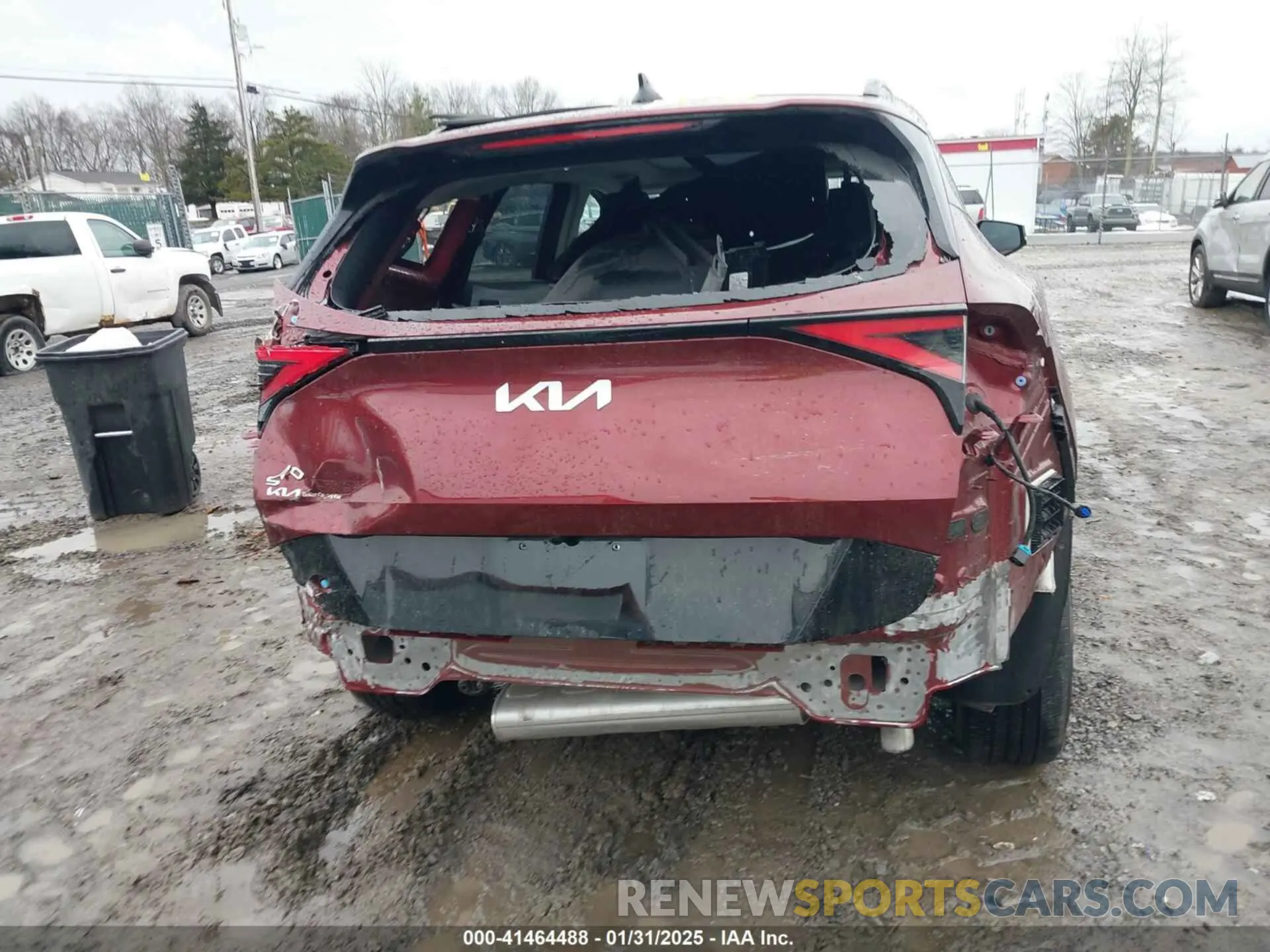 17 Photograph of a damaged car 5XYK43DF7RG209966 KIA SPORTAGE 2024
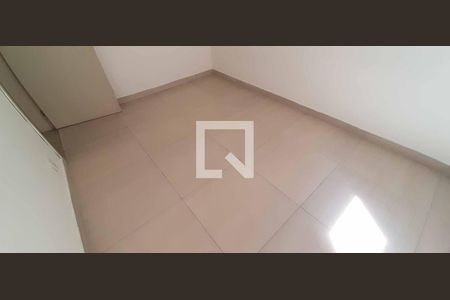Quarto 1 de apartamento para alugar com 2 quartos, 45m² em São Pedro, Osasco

☆ ☆ ☆

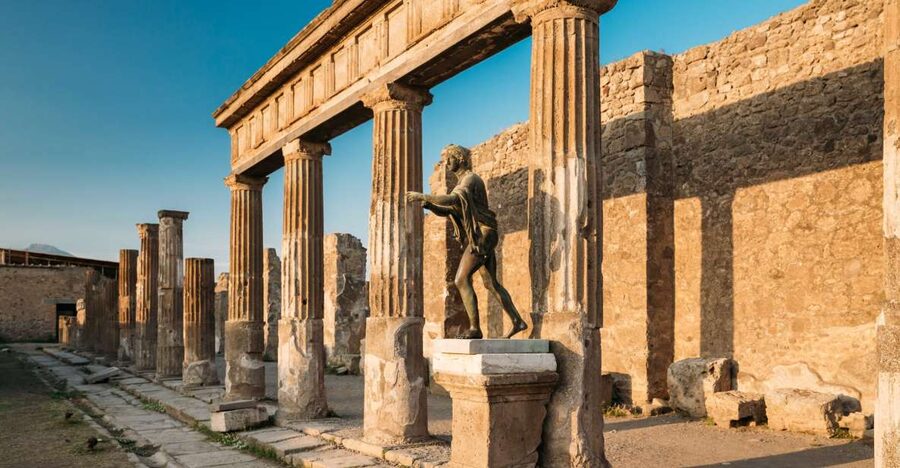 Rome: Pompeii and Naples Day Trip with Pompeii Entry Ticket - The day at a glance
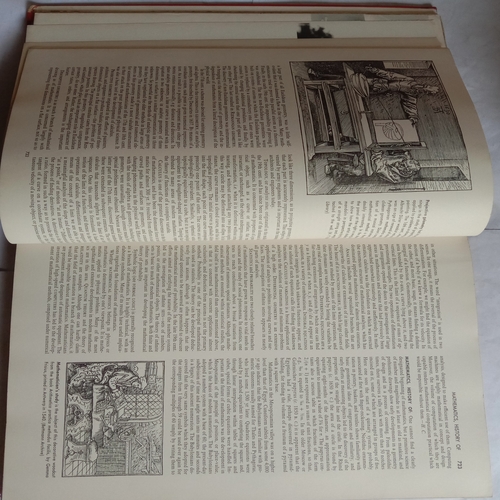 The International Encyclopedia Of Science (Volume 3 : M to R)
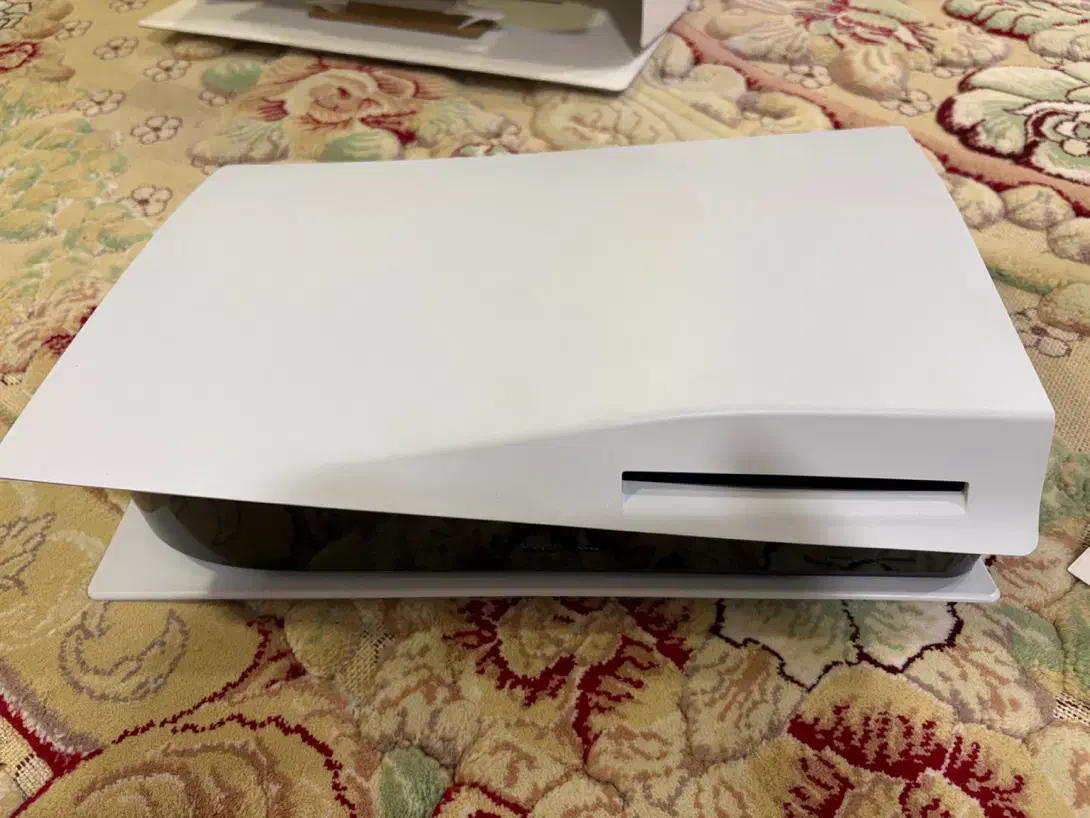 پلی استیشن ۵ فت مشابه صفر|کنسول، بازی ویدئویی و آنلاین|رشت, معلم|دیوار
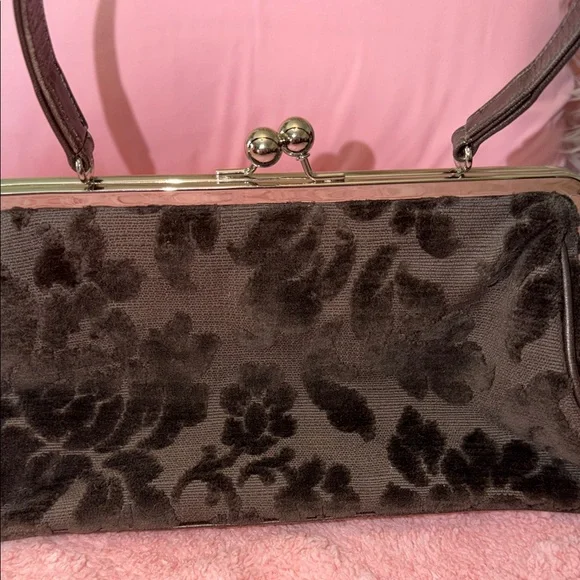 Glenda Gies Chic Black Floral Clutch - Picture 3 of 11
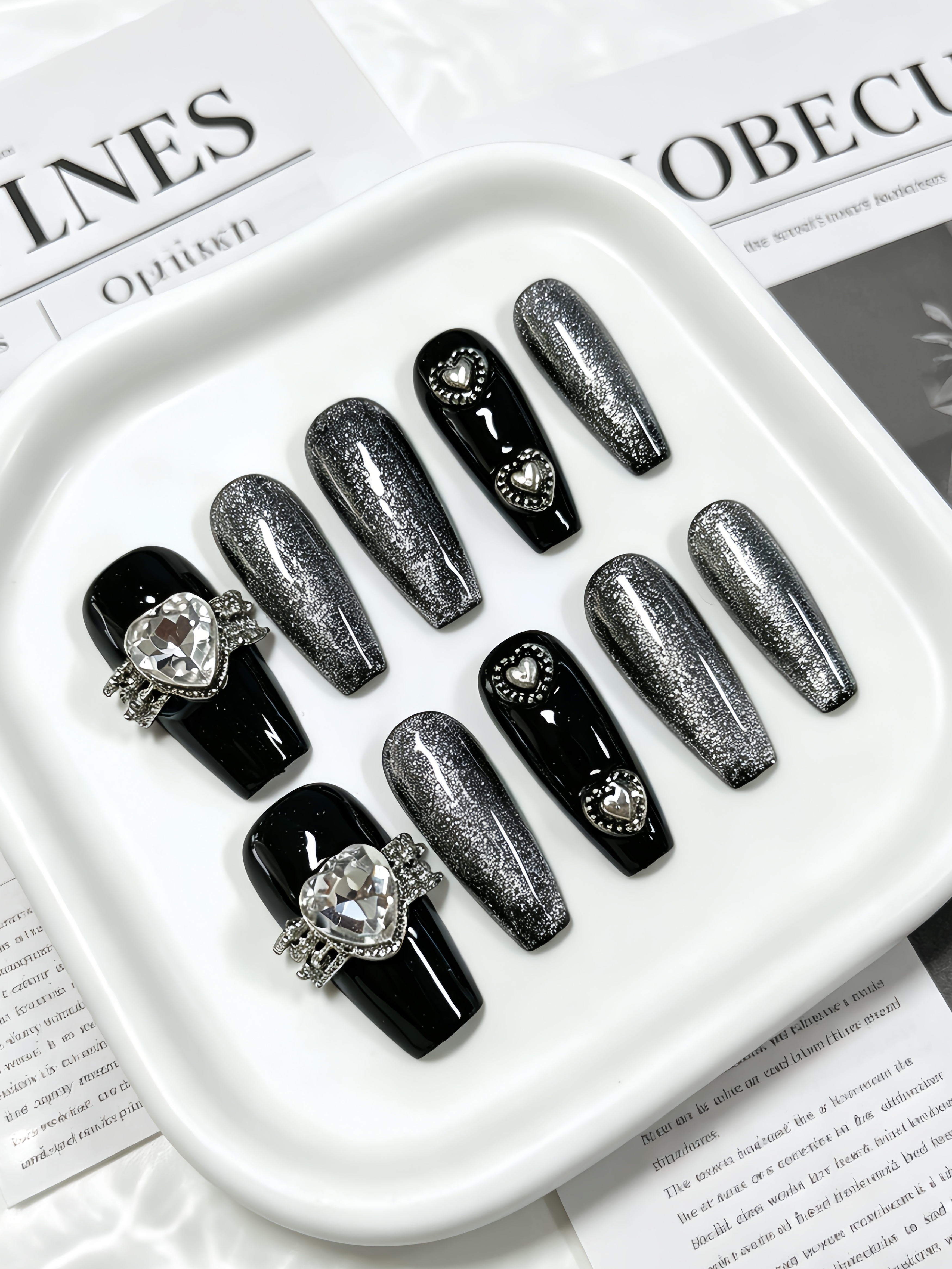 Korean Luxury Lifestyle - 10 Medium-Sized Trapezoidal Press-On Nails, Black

☆ ☆ ☆

** What is expected **
Among the entries above, copy exactly the stretch from the line holding "Rome: Pompeii and" through the line holding "Korean Luxury Lifestyle", leaving out any pictures.

** Solution to this problem **
 Rome: Pompeii and Naples Day Trip with Pompeii Entry Ticket - The day at a glance
 The International Encyclopedia Of Science (Volume 3 : M to R)
 پلی استیشن ۵ فت مشابه صفر|کنسول، بازی ویدئویی و آنلاین|رشت, معلم|دیوار
 Glenda Gies Chic Black Floral Clutch - Picture 3 of 11
 Korean Luxury Lifestyle - 10 Medium-Sized Trapezoidal Press-On Nails, Black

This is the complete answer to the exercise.